Consider this. In my four and a half years at Adobe, I’ve participated in the creation of over fifty different discrete types of content. From simple blog posts to glossy ebooks. From display ads to emails. Interactive microsites to tweets. Several different kinds of video and a few podcasts. Research reports. Direct mailers. White papers. Product UI, product webpages, documentation, infographics, pricing guides, event installations, and on and on.
This is a lot. But then consider that in that same tenure, I’ve worked with more than thirty different teams that each have some form of a content strategy. It’s tempting to suggest a more streamlined approach, but what stands out to me is that within arm’s reach of just one humble creative director are more than thirty groups whose content needs are distinct enough to justify separate content strategies. Is there a better way? Almost certainly, but whatever it is, it has to account for that massive variety of content requirements.
And where does that need come from? Adobe’s digital experience business has more than a dozen products and services. We recently trimmed our collective persona lists from more than a hundred to “just” twenty-one. We have customers in nearly a dozen industries, which means a dozen different takes on the challenges we try to solve. And since we’re B2B, we’re not dealing with a single customer, but with dozens of people in an account, each with their own unique role in the buying process.
Again, it’s easy to say that maybe there’s a better, more streamlined way to run things, but no matter what we do, we’re not going to streamline it down to a couple of products, one fairly uniform audience, and a single buyer. So whatever solution an enterprise company comes to about their content, it has to account for all of this. Somehow.
In my experience, the solution that usually emerges is to create silos. Or to ignore some group or audience. Or to focus on building platforms or processes that are easy to scope and deliver but fail to account for the actual content needs of the company. Or the customer. Invariably, these solutions fail because they are not addressing the actual problem. Here’s an analogy.

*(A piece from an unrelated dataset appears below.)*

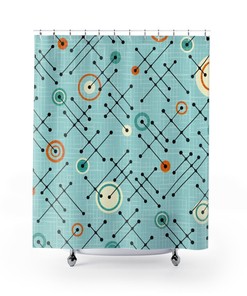 Teal Mid Century Modern Shower Curtain | Vintage Bathroom Decor 1960s Style | Unique Print Shower Curtain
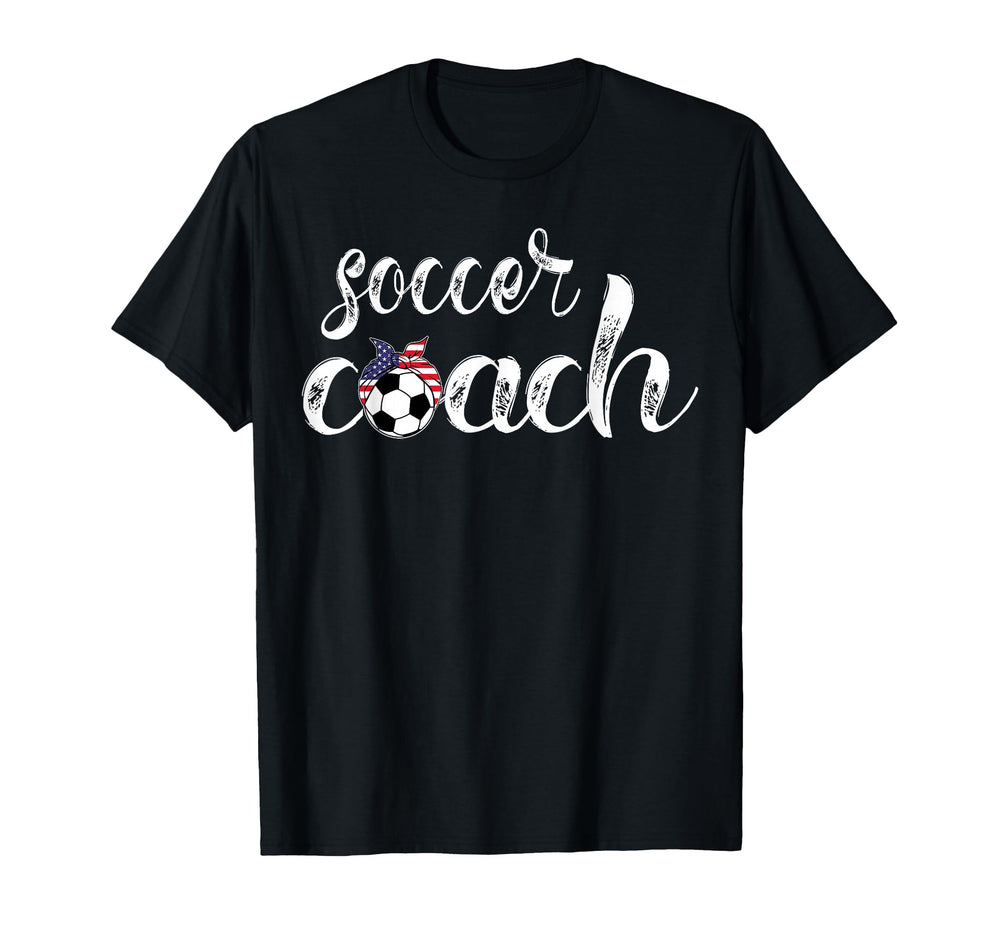 Womens Soccer Coach Bandana Ball T-Shirt - Unique Graphic for Adults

Often, when a team sits down to build a web page, it’s tempting to have a UX designer whip up a wireframe. This wireframe may superficially meet the requirements for the page, but when writers and graphic designers sit down to actually create the content, the wire frame breaks because in practice the content was more complicated than it seemed in the brief. Or, I think more likely, the content creators are forced to neuter their creativity in order to accurately fill the wire frame and thus build a mediocre page.
A better approach is the content-led approach. For example, by starting with a content wireframe or a content priority document—prioritizing and organizing the needed content first—the UX designer can build a wireframe that actually supports the content it’s providing structure to. This approach works really well for individual assets, but it can also work for the entire enterprise.
By starting with a comprehensive understanding of all the content requirements across the enterprise and then honestly prioritizing them, businesses can develop systems, platforms, and processes that actually fulfill those requirements in a way that makes sense to the customer.
Yes. It’s complicated. And yes, it’s a big job. It’s easy to get overwhelmed. Especially because many of the people in that massive, complicated content don’t really get how content works. But for me, it’s worth it to try. Just like publishing a new book at my first job, we who work in enterprise content have value to share with our customers. And it’s up to us to find the best way to share it.